By debugging, it appears to be the following line with 'sklearn.model_selection._search' that causes problems:
line 648: for parameters, (train, test) in product(candidate_params,
cv.split(X, y, groups)))
, on which the program hangs and cannot continue.
I would really appreciate some insights as to what this means and why this could happen.
Thanks in advance
Are you using a GPU? If so, you can't have multiple threads running each variation of the params because they won't be able to share the GPU.
Here's a full example on how to use keras, sklearn wrappers in a Pipeline with GridsearchCV: Pipeline with a Keras Model
If you really want to have multiple jobs in the GridSearchCV, you can try to limit the GPU fraction used by each job (e.g. if each job only allocates 0.5 of the available GPU memory, you can run 2 jobs simultaneously)
See these issues:
Limit the resource usage for tensorflow backend
GPU memory fraction does not work in keras 2.0.9 but it works in 2.0.8
I dealt with this problem too and it really slowed me down not being able to run what is essentially trivially-parallelizable code. The issue is indeed with the tensorflow session. If a session in created in the parent process before GridSearchCV.fit(), it will hang!

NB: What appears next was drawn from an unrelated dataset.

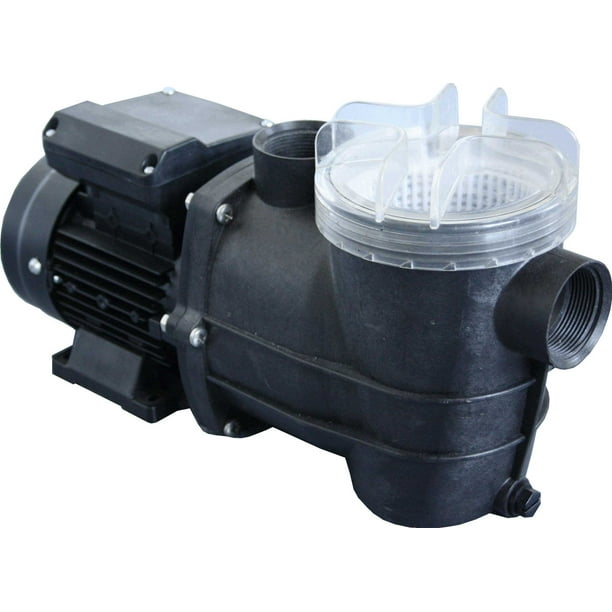 splapool pump model 72715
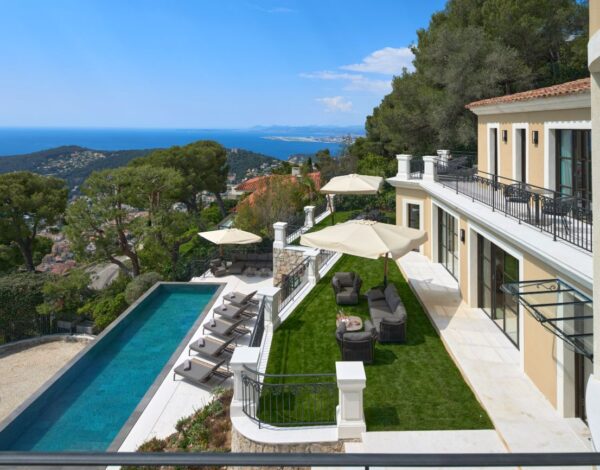 Villa Granita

The solution for me was to keep all session/graph creation code restricted to the KerasClassifer class and the model creation function i passed to it.

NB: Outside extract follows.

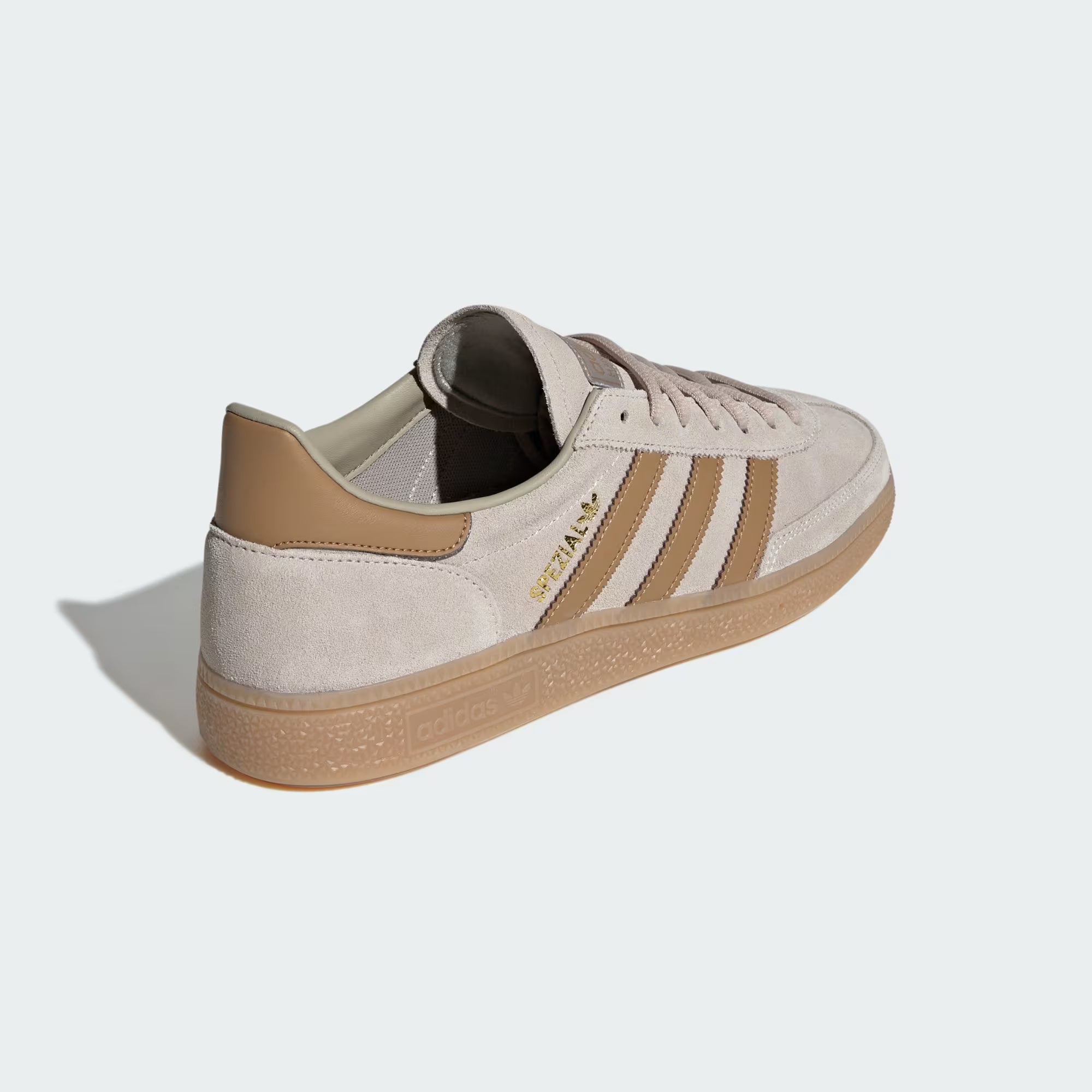 Handball Spezial Beige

Also what Felipe said about the memory is true, you will want to restrict the memory usage of TF in either the model creation function or a subclass of KerasClassifier.
Related info:
Session hang issue with python multiprocessing
Keras + Tensorflow and Multiprocessing in Python
TL;DR Answer: You can't because your Keras model can't be serialized, and serialization is needed for parallelizing in Python with joblib.
This problem is much detailed here: https://www.neuraxle.org/stable/scikit-learn_problems_solutions.html#problem-you-can-t-parallelize-nor-save-pipelines-using-steps-that-can-t-be-serialized-as-is-by-joblib
The solution to parallelize your code is to make your Keras estimator serializable. This can be done using savers as described at the link above.

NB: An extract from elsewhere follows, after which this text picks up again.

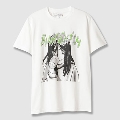 BLAH-TTE T-shirt White/Lサイズ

If you're lucky enough to be using TensorFlow v2's prebuilt Keras module, the following practical code sample will reveal to be useful to you as you'd practically just need to take the code and modify it with yours:
https://github.com/guillaume-chevalier/seq2seq-signal-prediction
In this example, all the saving and loading code is all pre-written for you using Neuraxle-TensorFlow, and this makes it parallelizeable if you use Neuraxle's AutoML methods (e.g.: Neuraxle's grid search and Neuraxle's own parallelism things).